Siyer ve Nümismatik

28.06.2018
A+
A-
Siyer ve Nümismatik

     Yazıyı kullanan uygarlıkları konu edinen tarihsel arkeolojiden önceki yazılarımızda bahsetmiş, tarihsel arkeolojinin tarih usûlü bağlamında Siyer’i doğrudan ilgilendirdiğini, hatta tarihle neredeyse eş anlamlı olduğunu ancak henüz fakültelerimizde bu alanla ilgili yeterli çalışmaların yapılmadığını söylemiştik. Hatırlatmak bâbında tekrar etmemiz gerekirse, tarihsel arkeoloji sadece yazı ve yazılı materyal üzerinde durmamaktadır. En temel anlamda tarihsel arkeoloji, arkeolojik kalıntılarla anlatılara ya da belgelere dayanan verilerin birleştirilmesini önermektedir. Zira tarihsel arkeoloji, toprak üzerindeki verileri de göz ardı etmemekte aksine toprak altı ile üzerini, birbirlerinin tamamlayıcı unsurları olarak değerlendirmektedir.

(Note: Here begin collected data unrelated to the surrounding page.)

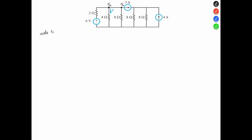So let's note that: 0 = (VA minus 6 volts) all over 2 ohms, plus VA all over 8. Our ground is 0 volts, plus VA all over 8. And there's a current leaving VA, so that's going to be a positive current, so that's positive 3.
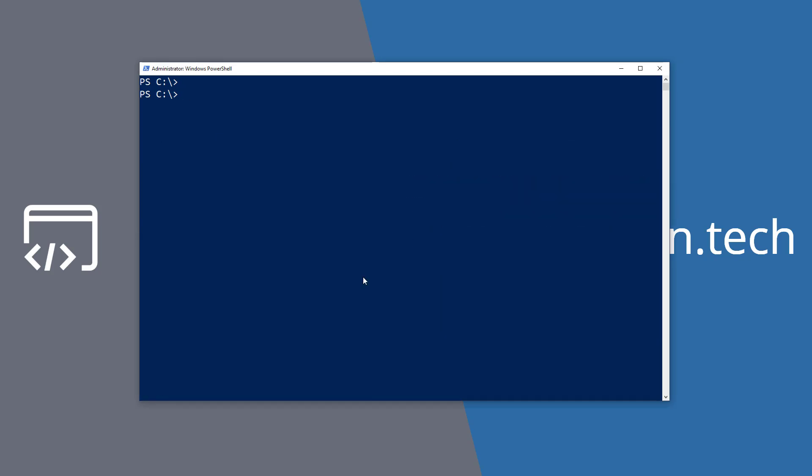Now maybe you want to find out a little bit more information about a commandlet, like maybe what module it came from. You can use the Get-Command commandlet along with the commandlet name, and it will bring up what type of command it is, the version, and also the source module that it came from.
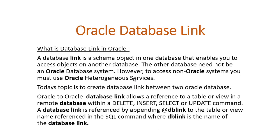That means there are two types of database links in Oracle database. We can create database link between two Oracle databases, and we can also create database link between Oracle database and non-Oracle database. When we create database link between Oracle database and non-Oracle database, then we must use Oracle Heterogeneous Service. Today's topic is to create database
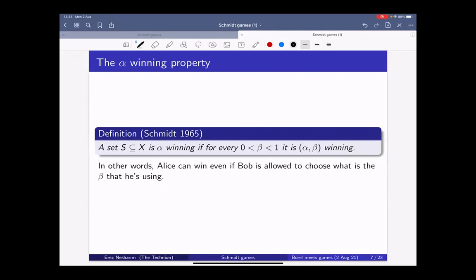A question: does Alice have to choose a ball of exactly radius alpha times Bob's ball, or is alpha an upper bound? If alpha were an upper bound, this would give too much power — like the Banach-Mazur game. Here you want to restrict it. There are versions where alpha is a lower bound on the ratio, and those behave a bit better, but it's even harder to prove things about them. There are many versions of Schmidt games.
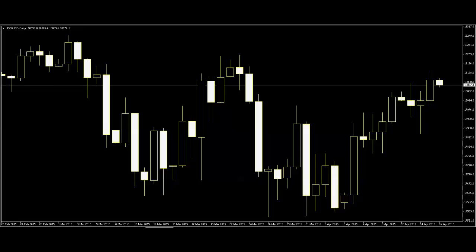Thank you for watching this candlestick trading video. This is the US 30 USD daily chart.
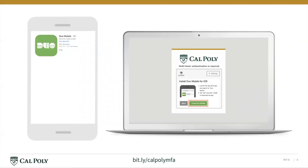Now, you need to install the Duo Mobile app on your mobile device. Open the App Store or Google Play Store and search for Duo Mobile. Once you've downloaded it, go back to your computer and click on the green button that says I have Duo Mobile.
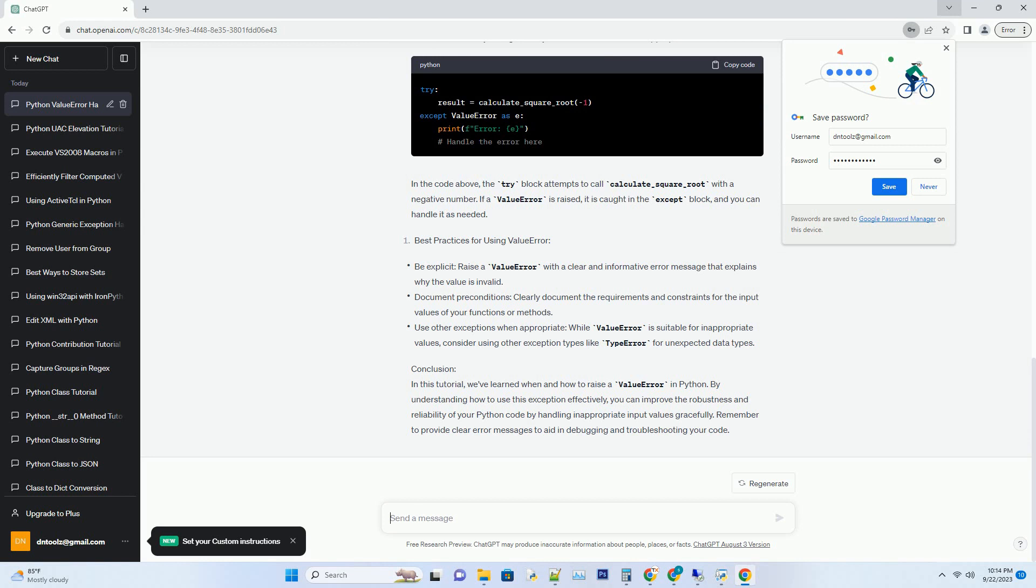Understanding Value Error. A value error is an exception in Python that is raised when a function or operation receives an argument of the correct data type but with an inappropriate or invalid value. It is a built-in exception and is often used to indicate that something is wrong with the input provided to a function.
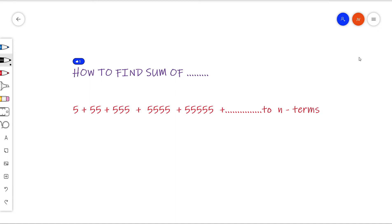This is an interesting sum from the progressions topic. We are supposed to find the sum of 5 plus 55 plus 555 plus 5555, and so on, up to n terms.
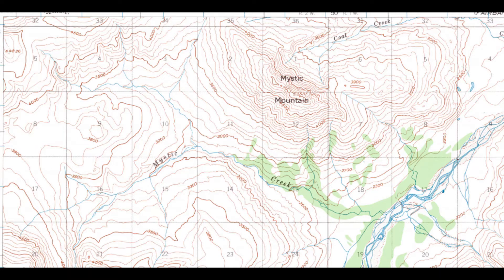You can also determine the aspect — the direction the slope is facing — of a hill or a mountain. We'll look at an example of a topographic map in a minute, but first we have to backtrack just a bit.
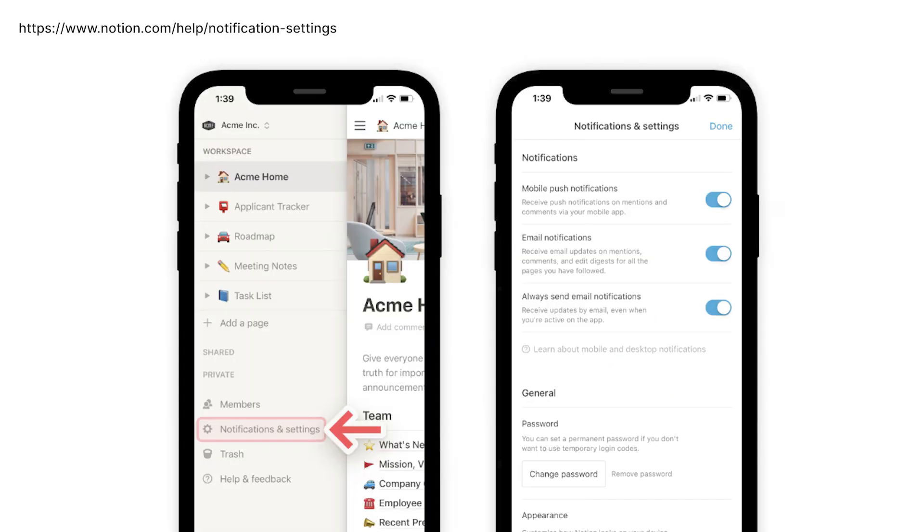Now for the phone notification you'll need to use the Notion app on your phone. And when you're on there you can go to notifications and settings and click on the push mobile notifications.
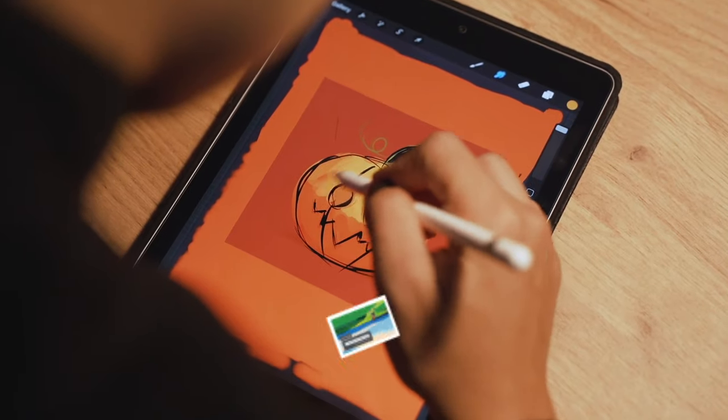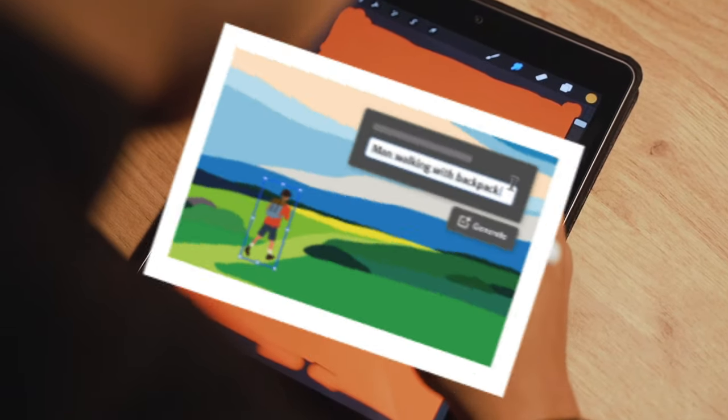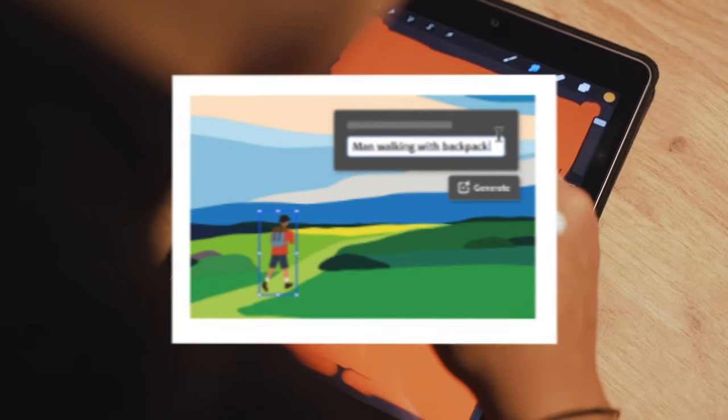Quickly generate editable vector graphics with simple text prompts using the power of generative AI.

       Tam da bu aşamada Siyer bilgilerine mutlak sûrette eklenmesi gereken diğer bir husus daha dâhil olmaktadır: Nümismatik.

       Nümismatik, en yalın haliyle eski paraları inceleyen ve bu materyalden yola çıkarak dönem hakkında malumat veren bir disiplindir. Konuyla ilgili olarak A. Zeki Velidi Togan şunları aktarmaktadır:

       ‘Meskûkât (Nümismatik) önceleri sadece hükümdar lakaplarını, hükümet, sene ve mahallerini öğrenmek için bir kaynak sayılırdı. Şimdi ise daha ziyade üzerindeki resimler ve yazılar ile hâkim unsurun sanatını, güzel sanat zevkini, keza darp mahalli olan ülkenin iktisadî hayatını, malî vaziyetini öğrenmek için sağlam kaynaklar olduğu anlaşılmıştır.

       Kuşkusuz geçmişten günümüze gelen teliflerin önemi büyüktür. Ancak bu teliflerin bir kısmında yer alan haberlerin tuhaf karşılanması da söz konusudur. Elbette eseri vücûda getiren müellifin bu duruma katkısı vardır ancak tek etken unsur bu değildir. Zira rivâyet zincirinde yer alan ve müellifin o an için tetkik edemeyeceği veya buna imkânının olamayacağını râvîlerin katkılarını da göz önünde bulundurmak gerekir.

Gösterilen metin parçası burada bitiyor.